This is the mail archive of the
gdb@sourceware.org
mailing list for the GDB project.
[RFC] string handling in python
- From: Thiago Jung Bauermann <bauerman at br dot ibm dot com>
- To: gdb ml <gdb at sourceware dot org>
- Date: Mon, 07 Jul 2008 02:25:02 -0300
- Subject: [RFC] string handling in python
Hi folks,
I've been thinking about how we should handle strings and charsets in
Python, and I have some ideas. I'd like to ask your opinion about them.
First, some explanation about strings in Python, and how it deals with
different character sets (warning, I just learned about this stuff today
and I may be wrong about it...):
By default it is quite simple: Python doesn't deal with the problem. The
regular string type is just a byte array which has some convenience
methods to treat them as strings with 8-bit characters. If Python ever
needs to assume a charset, it will assume ASCII (it is possible to
change the default charset in Python, but it is highly discouraged).
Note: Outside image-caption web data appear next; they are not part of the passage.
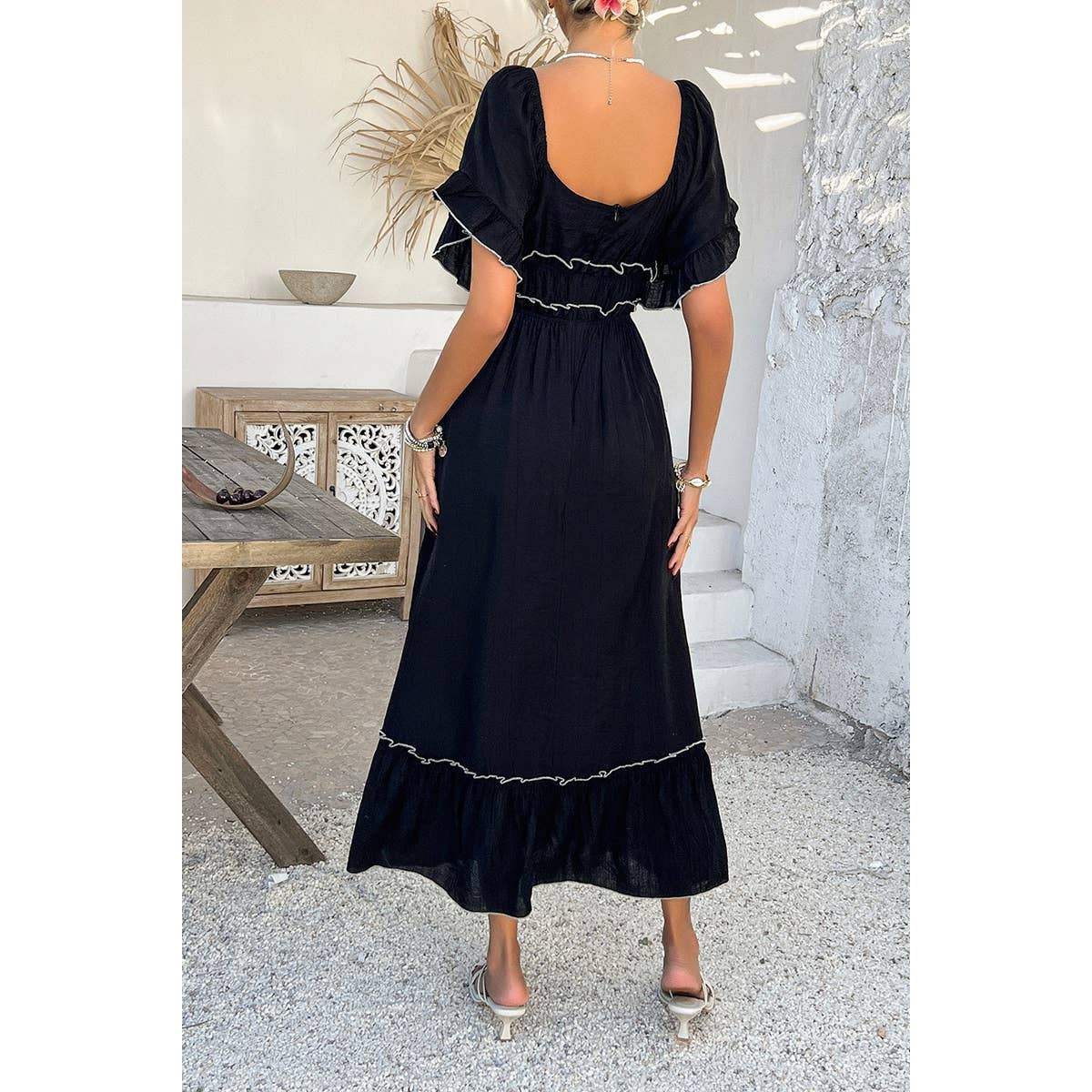 Off Shoulder Bodycon Backless Ruffle Trim Dress
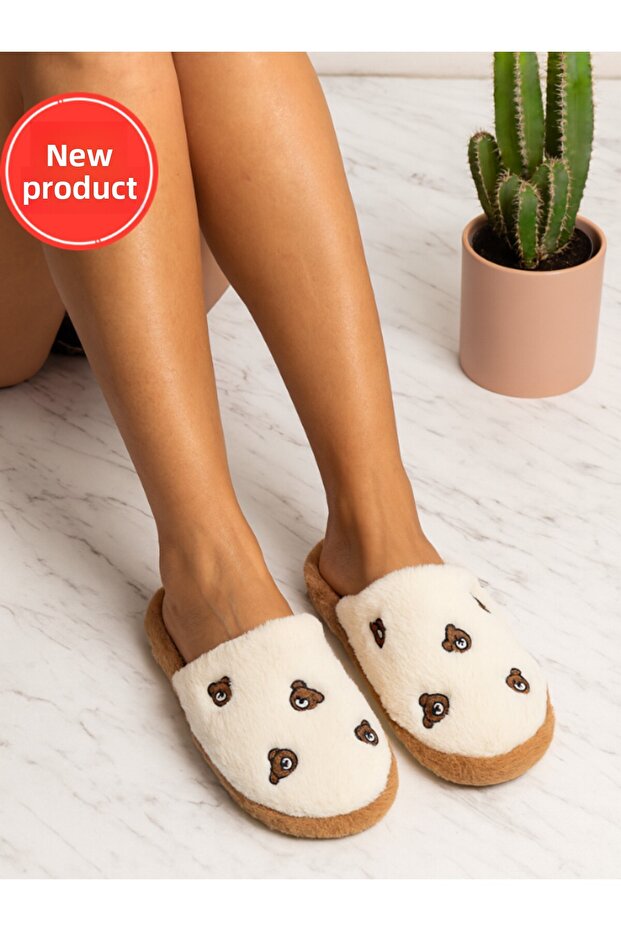 Tedy Teddy Bear vyšívané nadýchané domácí pantofle Pantofle pro věno protiskluzová podrážka STC1146 - 2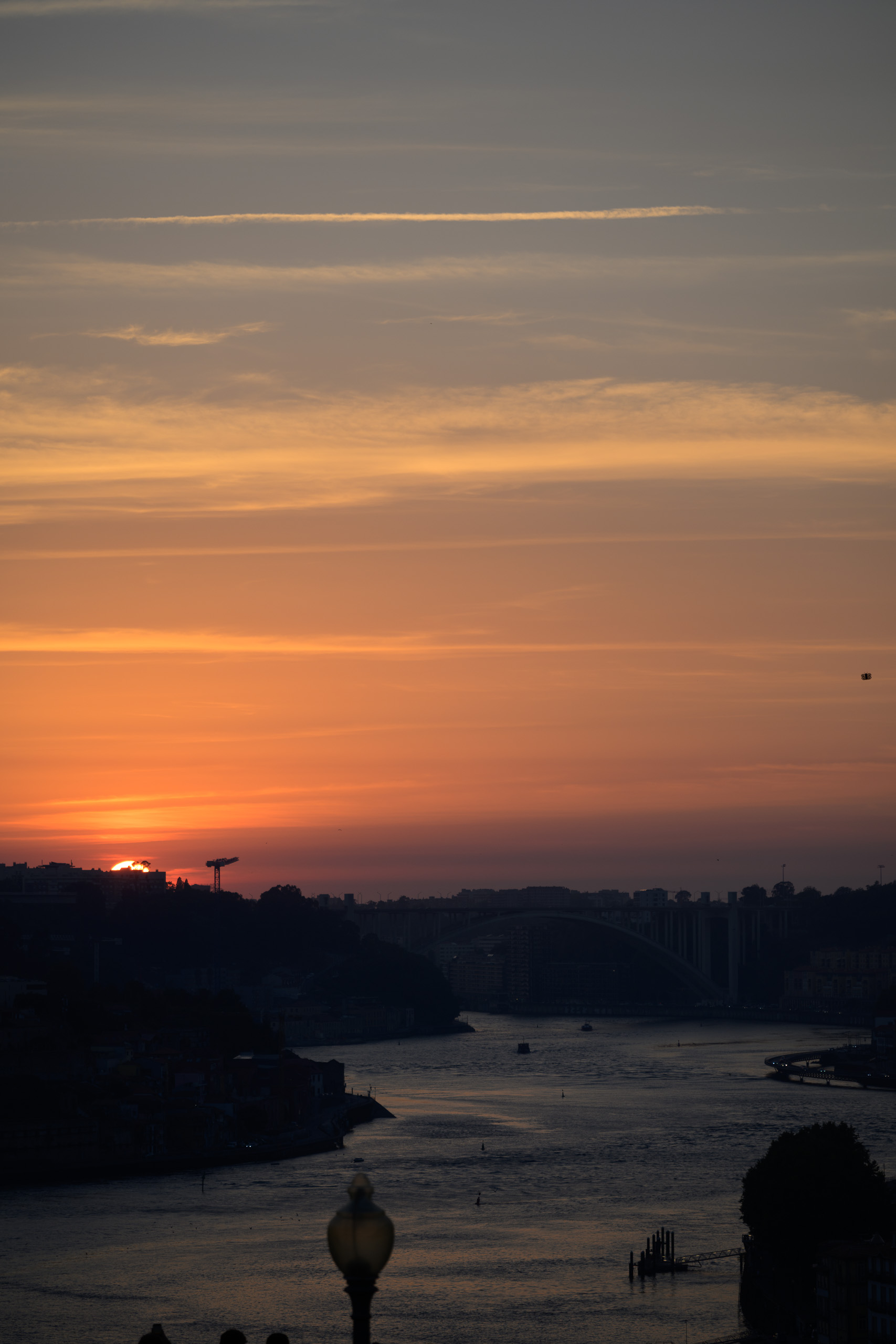 Before. Douro and Porto silhouettes just after sunset — before applying the preset.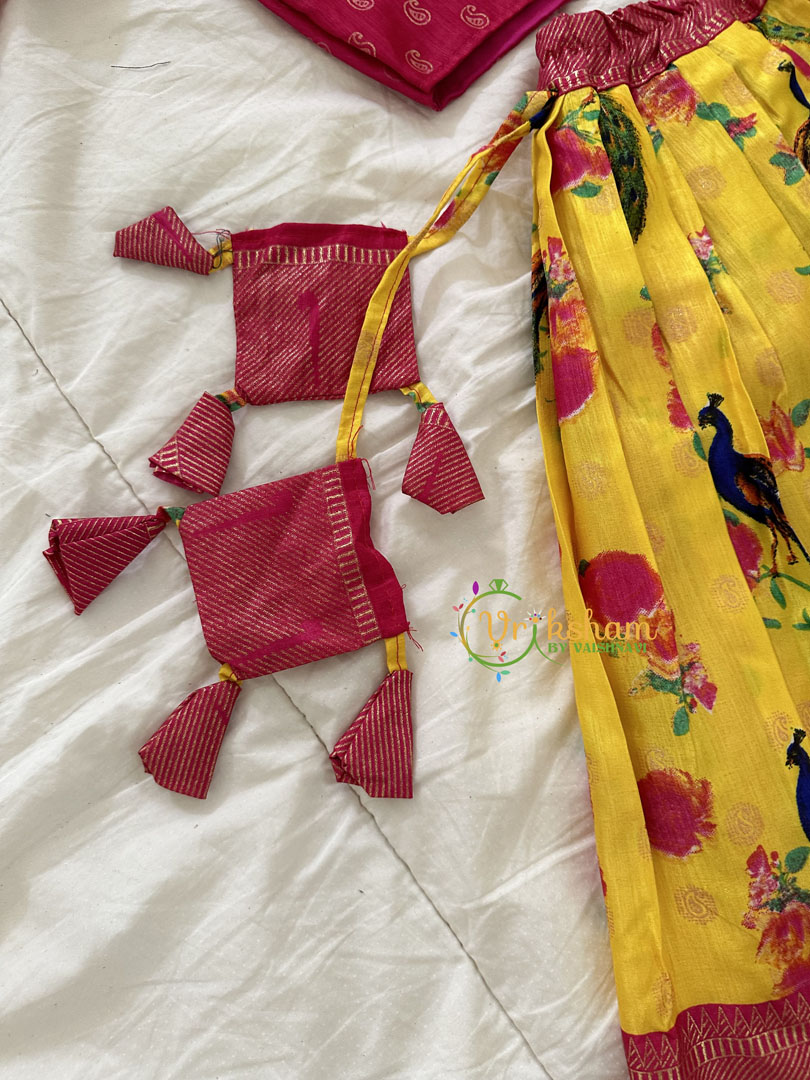 Yellow with Pink Indian Traditional Girls Lehenga Set -VS808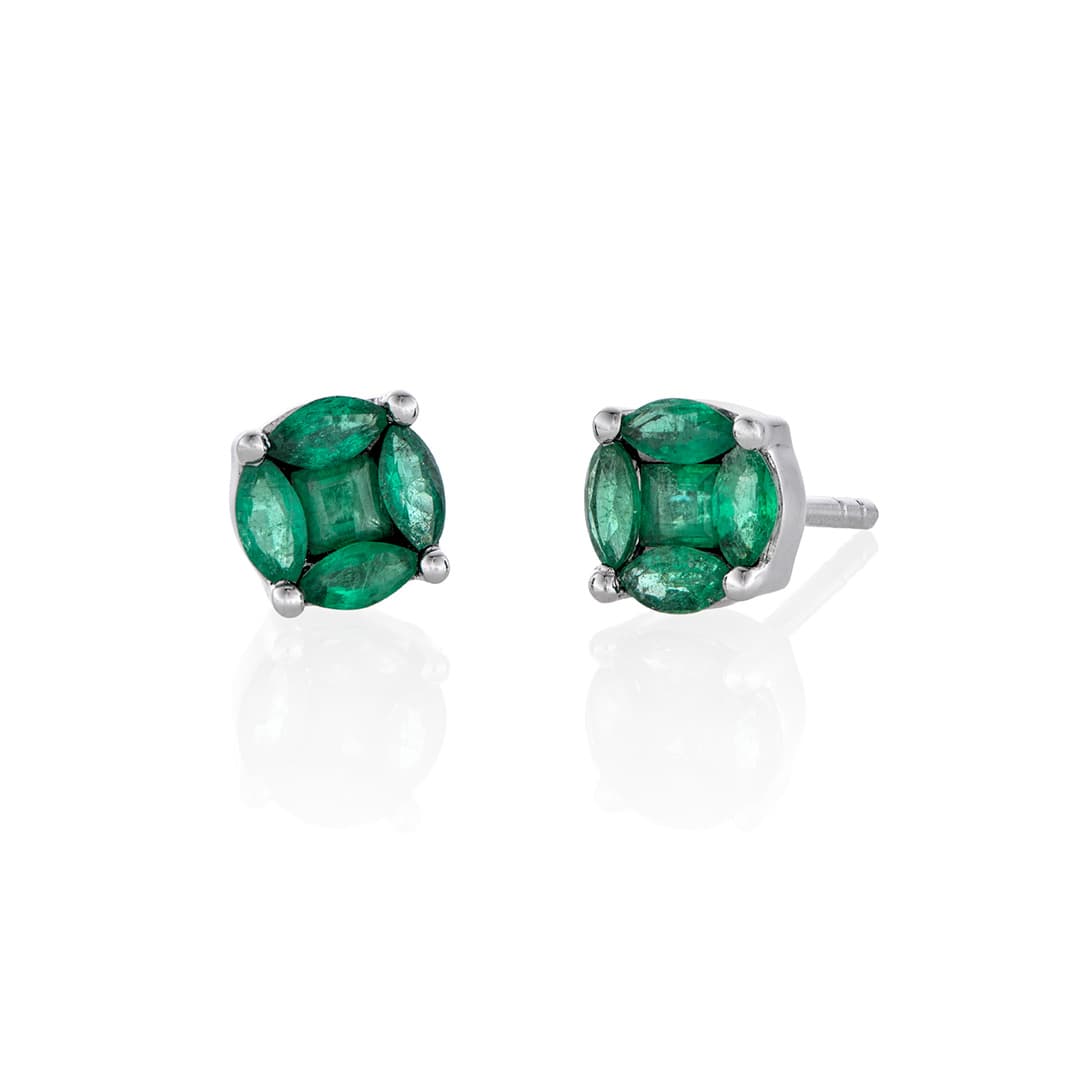 White Gold Emerald Cluster Stud Earrings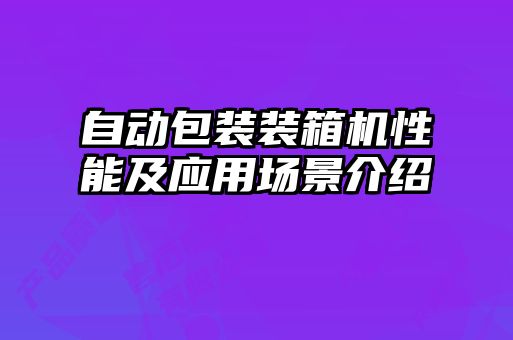 自動包裝裝箱機性能及應用場景介紹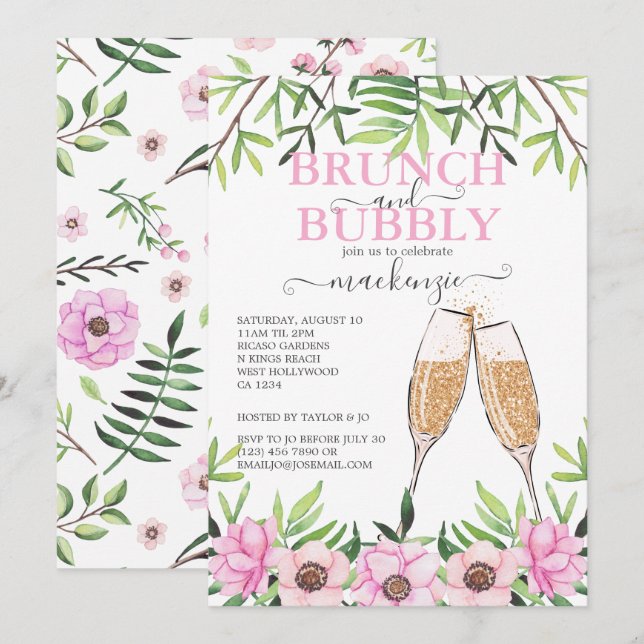 Personlig för Brunch och Bubly Möhippa Inbjudningar (Fram/baksida)
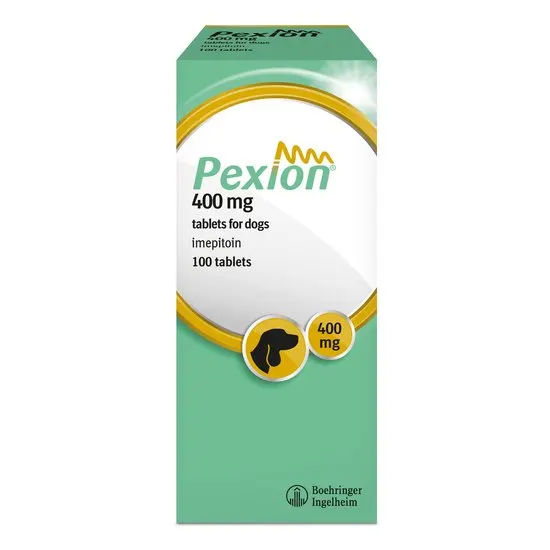 Pexion 400 mg tablets for dogs packaging on a white background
Because of this, you can easily run into trouble if you use non-ASCII
characters (even Latin 1) in regular Python strings.
There's another string type which is the Unicode string. You get them by
prepending string literals with u, like in u"hello, world!". I believe
the internal representation is UTF-32 or UCS-4, but I'm not sure and it
doens't matter, in fact. Python can convert back and forth between
Unicode and several charsets, and from what I read you can mix Unicode
strings with regular strings and things will work (as long as the
regular strings are ASCII-only or you explicitly convert them to Unicode
usin string.decode("some_charset")).
There's some more info about this in
http://effbot.org/zone/unicode-objects.htm
So, in my opinion for GDB's Python bindings we should always use Unicode
strings, and convert to/from desired encodings as necessary. Strings
provided by the user would be assumed to have host_charset () encoding,
and strings coming from/going to the inferior would be assumed to have
target_charset () encoding.
So for example, to create a value object of char * type using a string
provided by the user or coming from Python code, GDB would first convert
the Python string object (assumed to be in the host charset) to a
unicode object (this process is called "decoding", in python parlance),
and then convert it from unicode to a string in the target charset. This
is what is implemented at the moment in gdbpy_make_value in the git
repo, BTW.
What do you think?
--
[]'s
Thiago Jung Bauermann
Software Engineer
IBM Linux Technology Center